Stephanie here! I'm excited for the chance to introduce Katymarie Frost, who pitched this article idea to us on how to create a "homeless shelter" for your characters. I think you'll really enjoy her ideas!

Katymarie Frost has never had a shortage of stories in her head, but she knew she wanted to be a writer from the moment a librarian called her “the next J.K. Rowling” after she won a writing contest when she was ten years old. It has been her dream to share the many tales her imagination has created and to give others a springboard for their own imaginations to take flight. Since then, she has started many different literary endeavors, but the first one she has been able to finish was what has now become Gateway to Aviandria. She is hoping it will be available to the public starting this fall. When she isn’t trying to satisfy her craving to spin fantastic tales, Katymarie stays busy spending time with her family, teaching violin lessons, and dabbling in costume design or other creative projects. To learn more about her book, or connect with her, visit her author website at www.katymariefrost.com.

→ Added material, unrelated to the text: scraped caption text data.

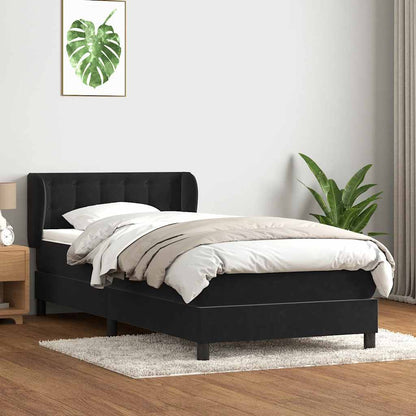 Giroletto a Molle con Materasso Nero 100x220 cm in Velluto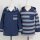 Kapuzen-Wendeshirt Ringel plum-navy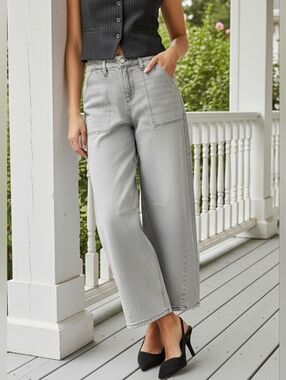 Risen Baggy High-Rise Barrel Leg Cropped Pants Patch Pocket Pants Denim Jeans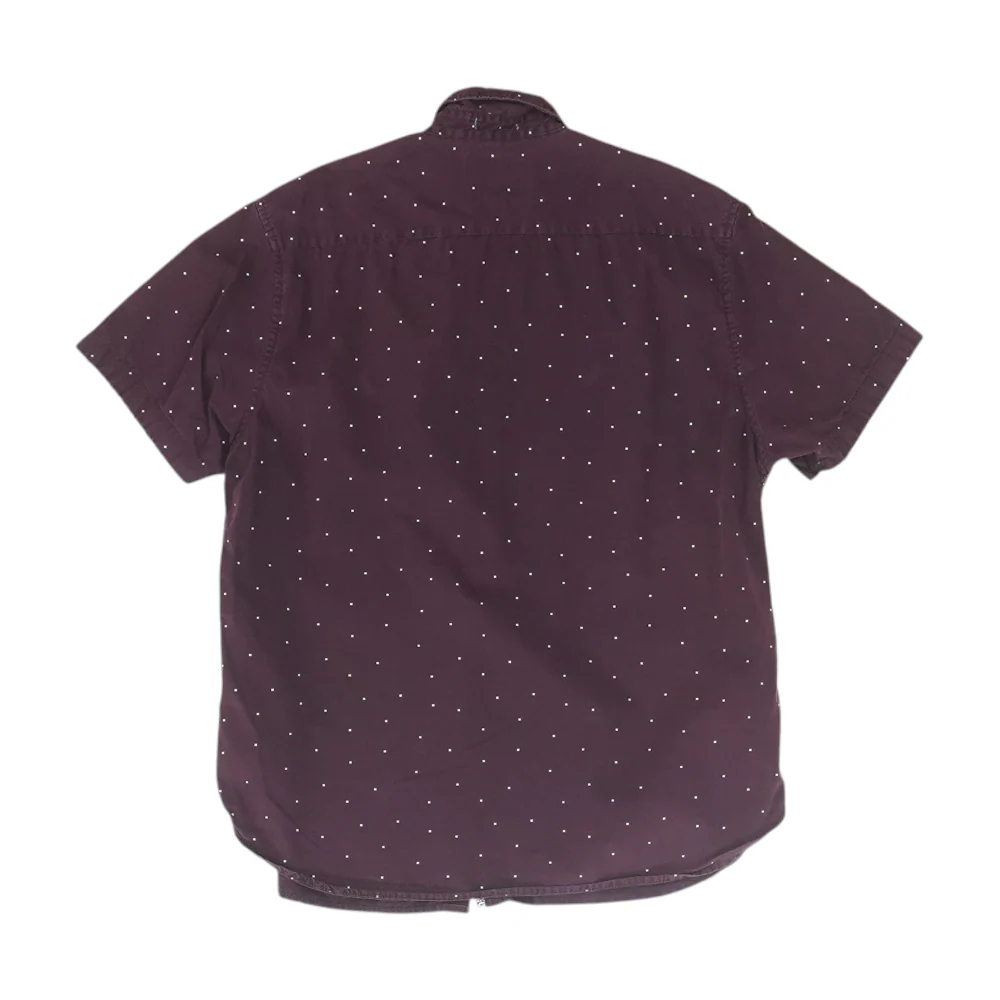 Burgundy Polka Dot Short Sleeve Button Down - Image 2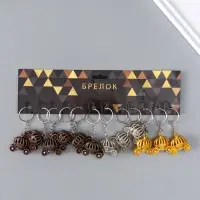 Брелок металл, стразы "Карета-тыква" МИКС 3,2х1,5х3,2 см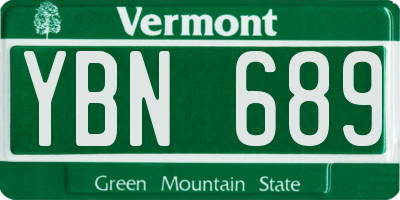 VT license plate YBN689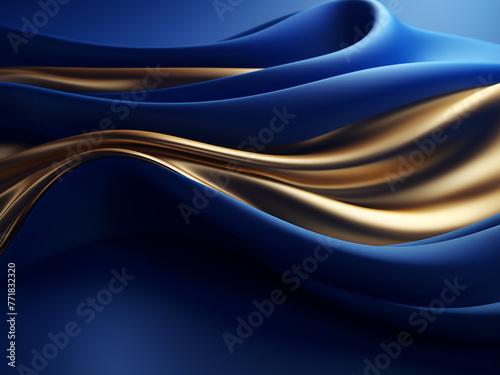 Wavy background features bluish-golden tones.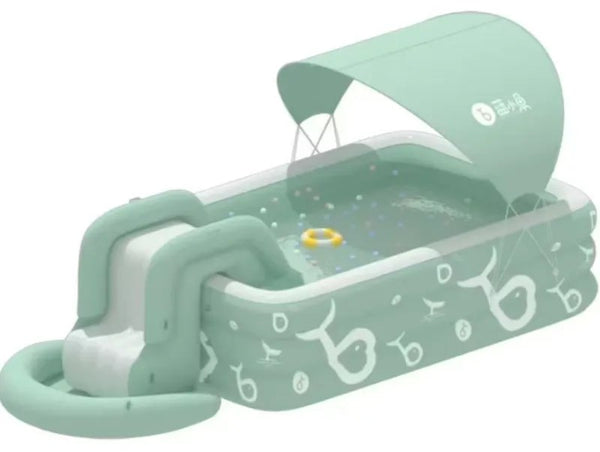 Piscina Inflável Infantil 2,6m com Escorregador e Toldo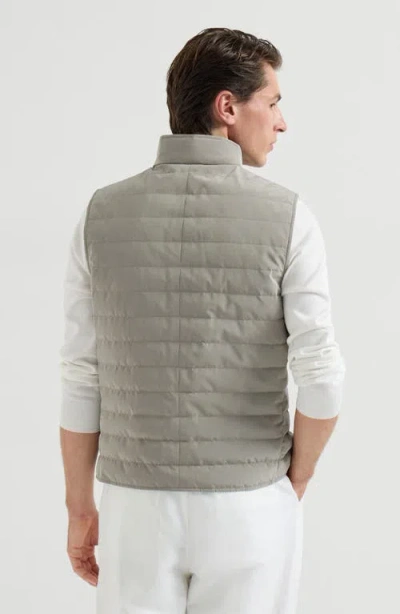 Brunello Cucinelli Nylon Down Vest In Gray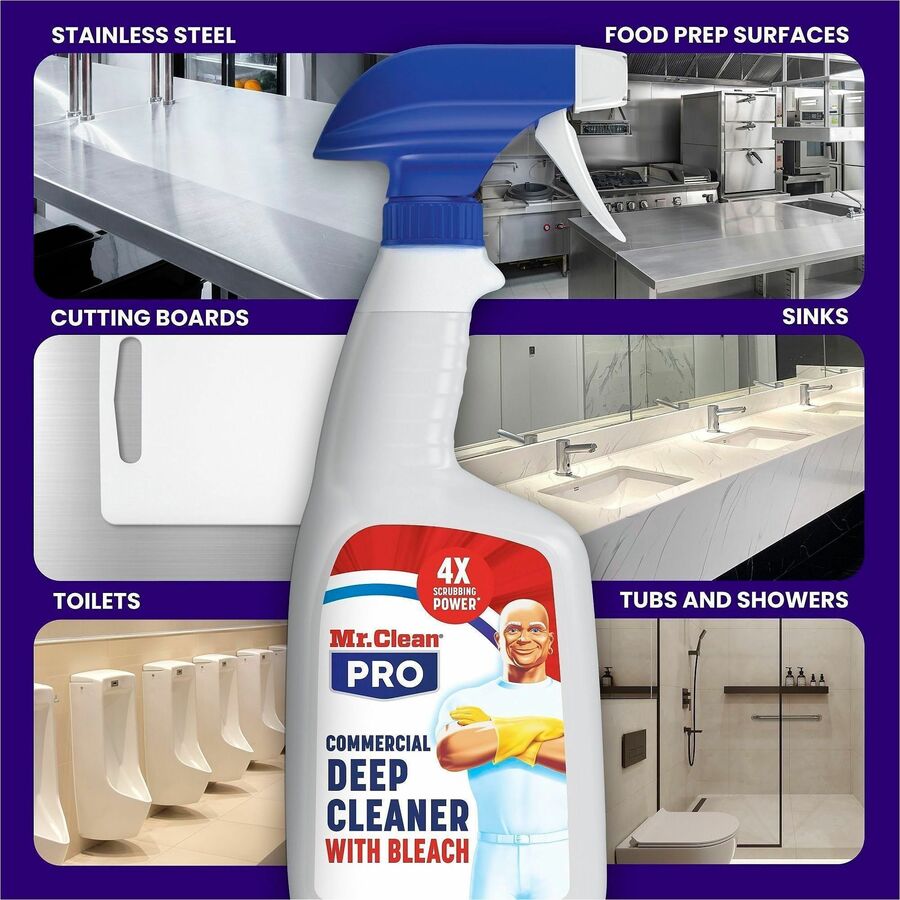 Mr. Clean Deep Cleaner with Bleach - For Multi Surface, Multipurpose - Ready-To-Use - Liquid, Spray - 32 fl oz (1 quart) - Recommended For: Soil Remover, Grime Remover, Mold Remover, Stain Remover, Odor Remover - Alkylphenols-free, Benzene-free, Lead-free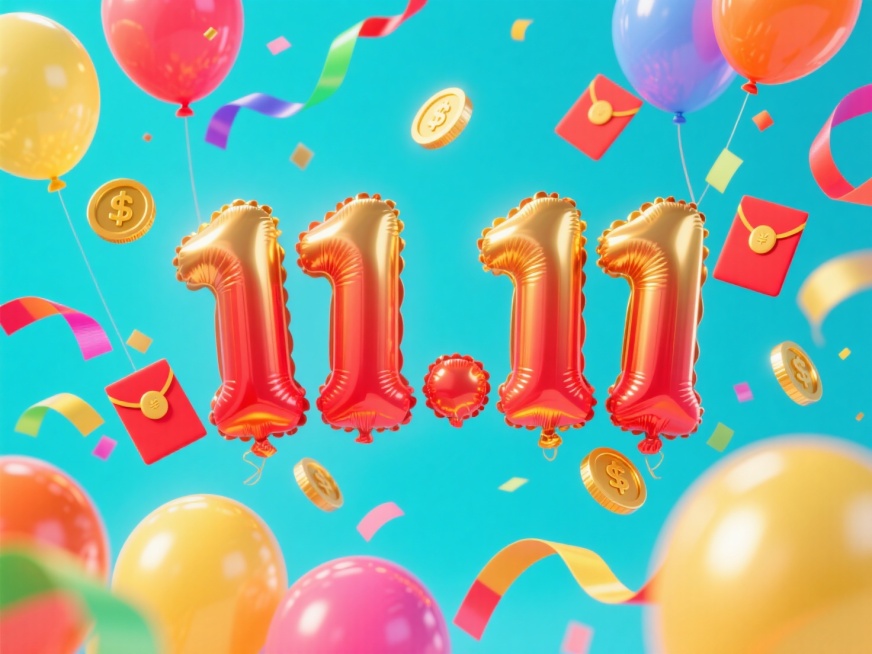 “11.11”造型的三个气球字，文字红金色，四周有漂浮在彩带、金币、红包和气球，亮色背景预览效果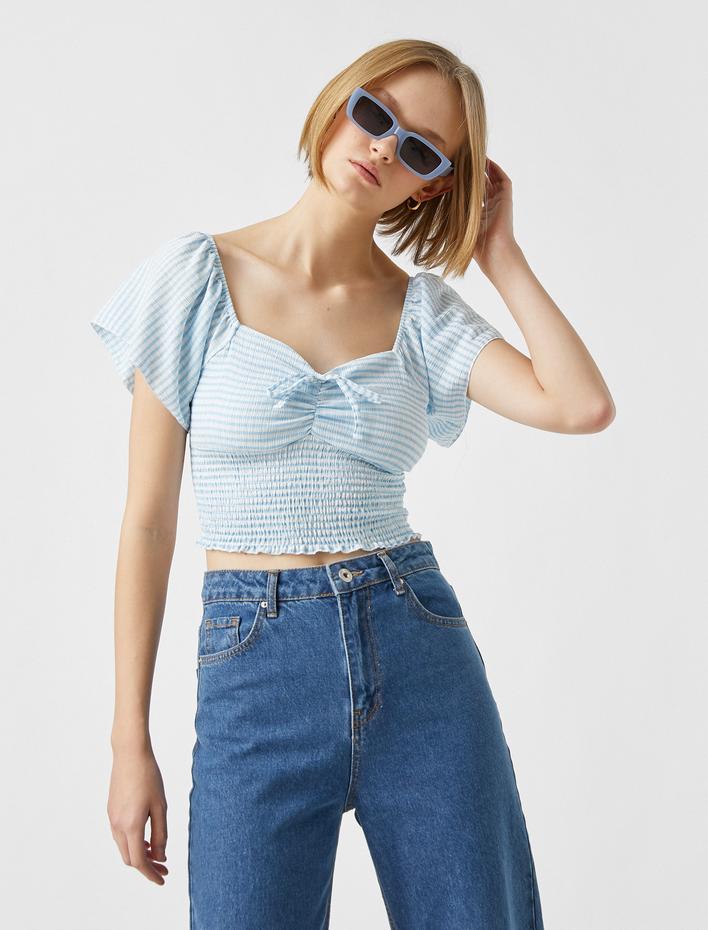  Kısa Kollu Çizgili Gipeli Bluz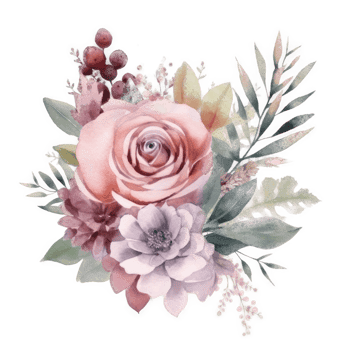 Watercolor flower isolated. png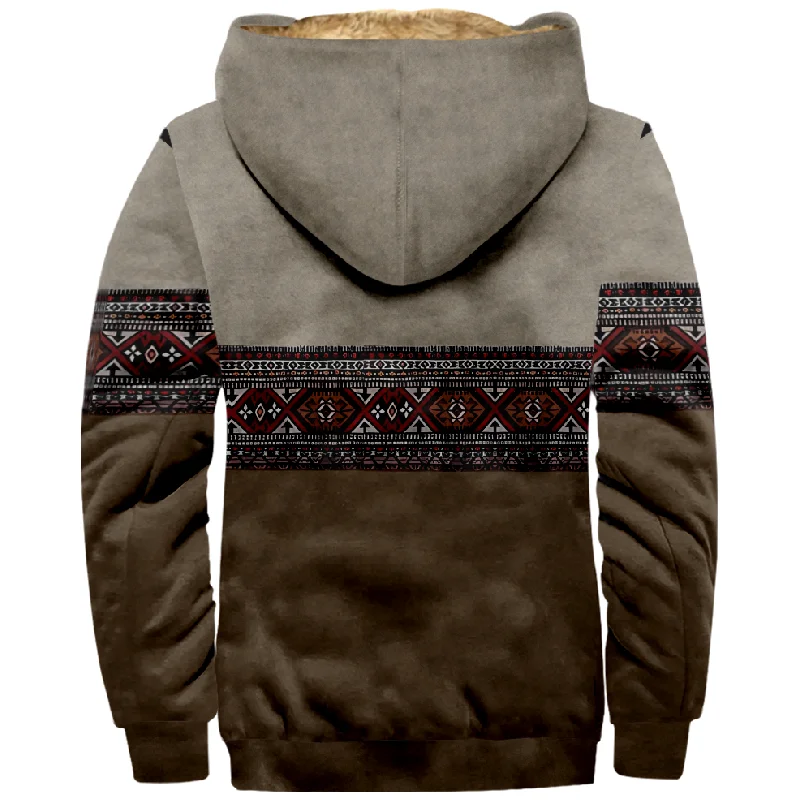 New Totem Italian Cotton Coat Hooded Sweater Casual Print Long Sleeve Zipper Sweater Thick Cotton Coat Autumn and Winter a32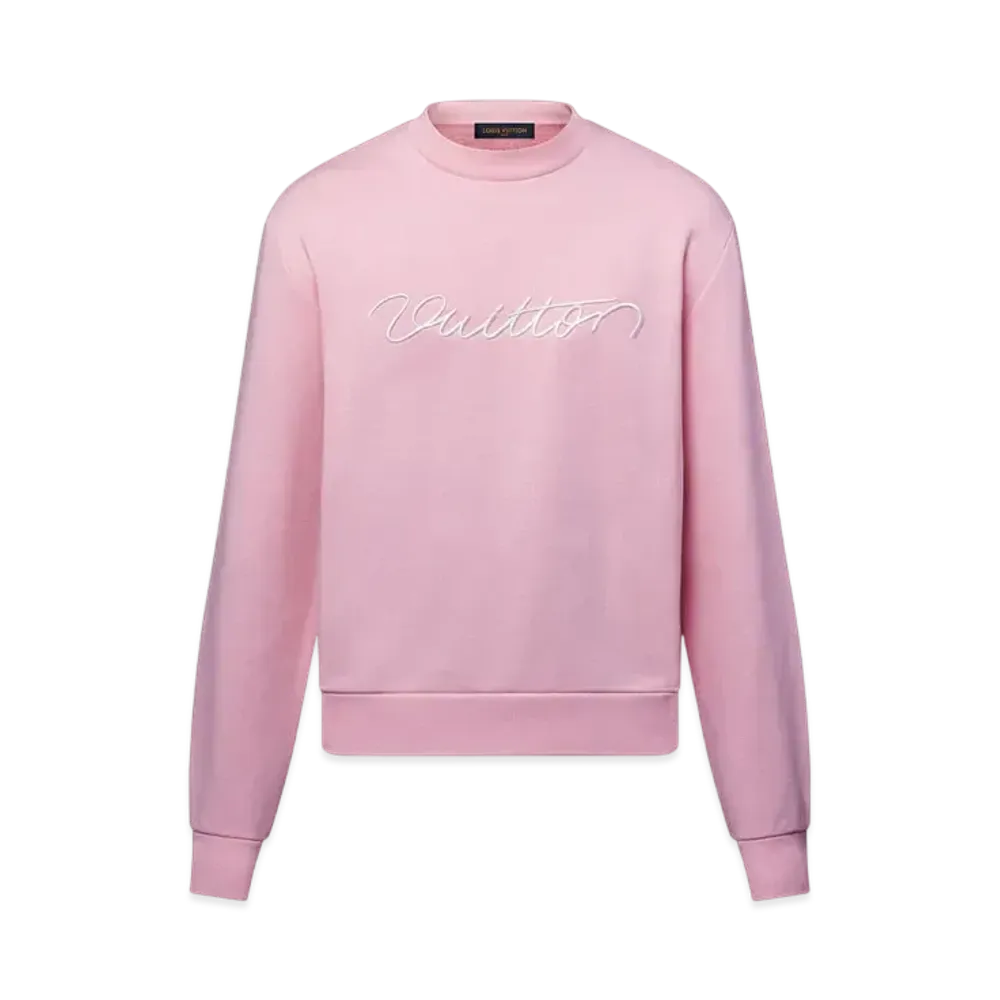 Louis Vuitton Men's Embroidered Cotton Crewneck "Pink"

On my bookshelves, nestled among three-ring binders containing old school projects and hashed notebooks, sits a small, yellow folder. It doesn’t look like anything special. Most people wouldn’t spare a second glance, but the folder has an important purpose. This is my shelter for homeless characters.
If you open the folder, you’ll find drawings of people and scribbled notes stuck in page protectors. I know the names of some of these people, but many of them I don’t. I have a fairly good idea what most of them act like, but a few are still strangers.
These are characters I have created, yet I don’t have a place for in any of my works in progress. I’m guessing a lot of you have these too. Perhaps during a trip to the mall, you have observed somebody who looked as if they could be an interesting personality, and you knew they just had to become a character. Or maybe you wrote a charming little scene in your story that introduced a character you really liked, but there wasn’t anything else for that character to do in the story, and you ended up cutting the scene.
These characters don’t have to fade away into oblivion just because they don’t have a home. They can be welcomed with open arms into the homeless shelter for characters until that day you are able to find the perfect role for them.
Here is how to set up your own shelter for homeless characters:
  1. Find a convenient location. Mine is the yellow folder with page protectors. Yours could be a three ring binder, or an accordion file folder. If you like to keep things in a digital format, you could create a file on your computer or phone. If you do that, however, make sure your notes are backed up. Whatever you choose, you will want it to be easy to put things in, pull things out, or rearrange as necessary.
  2. Record everything you know about the character. If you know their name, write it down. If you have a picture, include it. Describe physical features. List any personality traits you have thought of. If you use a character profile sheet, fill out what you know. You don’t have to know everything now. You can always fill in missing pieces as you learn them. Just record what you’ve already got. One thing I like to have is a list of names. Sometimes you just come up with a cool sounding name, but you don’t have the right character for it. Add that name to the list. I can almost guarantee, it will come in handy later.
  3. Visit your shelter. When your next story feels like it needs a character, use this resource and flip through your file of homeless characters. You may find the perfect fit. Or if you need inspiration for a new story, browse your shelter. One of these characters might start telling you their own story, which you can then turn into a masterpiece. Just don’t put your homeless shelter on the shelf and forget about it. Give these people a chance!
I can tell you, this really does work. Here is one success story. Meet Tarien and Jannae:
They were two characters I happened to create while doodling. When they first came into the shelter, they didn’t even have names. I had the pictures, and I knew Jannae was happy-go-lucky, and a bit reckless, while Tarien was somewhat of a perfectionist worry-wart, but that was about it.
They sat in my homeless shelter for a couple of years until I needed an idea for an outlining course I was taking. I found these two and the ideas started flowing. They received names, they became much better developed, and even became the stars in their own story.
It doesn’t end there, however. I still needed an antagonist, so back to my homeless shelter I went, and I found her:




Perfect! And while I was at it, I found this little fellow who really spoke to me, and suddenly I knew exactly how to use him in the story. In fact, he became downright important:




So, that is how it works. I got a good story idea, and four of my homeless characters got a home. It may take a little time to set it up and keep it updated, but it is worth it. This may just become one of your most valuable resources!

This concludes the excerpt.